Évoquée depuis des années, l’adoption d’un nouveau régime des terres collectives a été accélérée par un discours du roi Mohammed VI prononcé en octobre 2018. Le souverain avait alors appelé à la création d’une « classe moyenne agricole », notamment via « la mobilisation des terres agricoles appartenant aux collectivités ethniques » (les terres collectives). 

Mohammed VI assurait que cette mesure « permettrait de mobiliser un million d’hectares supplémentaires de ces terres » grâce à la distribution de titres fonciers aux ayants-droits, appelée la « melkisation » des terres.

De nouvelles inquiétudes avec la « melkisation » des terres

Si l’égalité dans l’indemnisation des ventes de terres collectives semble être pratiquement acquise, le processus de « melkisation » pourrait en revanche faire naître de nouvelles inquiétudes. 

Plusieurs tribus ont mené, ces dernières années, une lutte contre l’appropriation de leurs terres par des promoteurs immobiliers, à l’image des Ouled Sbita près de Salé (au nord de Rabat). 

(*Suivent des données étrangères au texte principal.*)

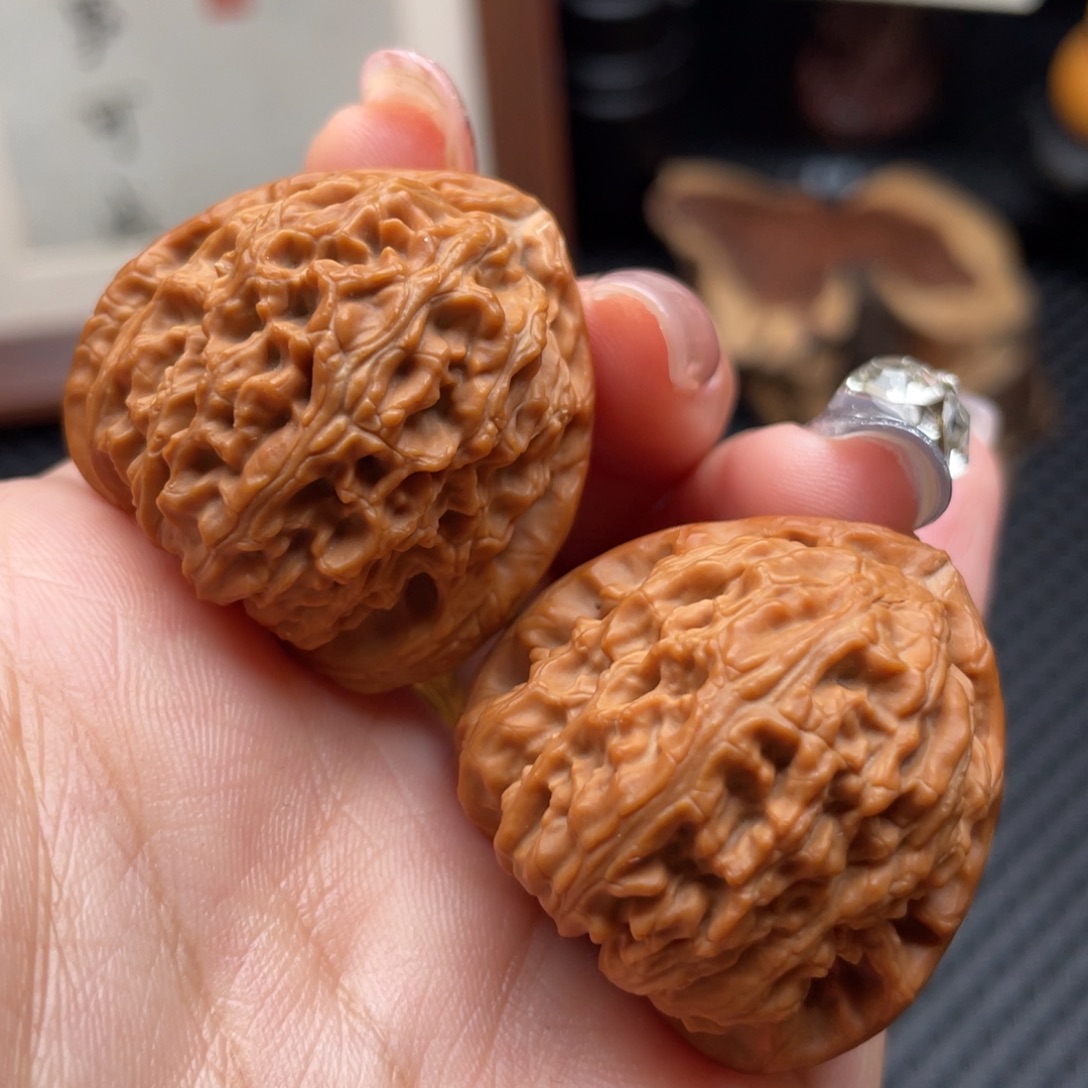 把件文玩核桃手捻三角白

« Ces projets de loi n’ont été élaborés ni dans l’intérêt des ayants droit  [membres des tribus qui exploitent les terres], ni dans celui des femmes soulaliyates. Ils visent en revanche à faciliter la vente de ces terres aux promoteurs immobiliers, ce qui va engendrer plus de marginalisation pour les membres des tribus », alerte Driss Sedraoui, président de la Ligue marocaine pour la citoyenneté et les droits de l’homme (LMCDH). 

Saida Drissi, de son côté, craint que les femmes ne soient lésées lors de la « melkisation » car, selon elle, la plupart des exploitants et leurs héritiers sont des hommes. « Nous allons suivre sa mise en œuvre », indique-t-elle. « Mais c’est un processus qui va prendre des années ».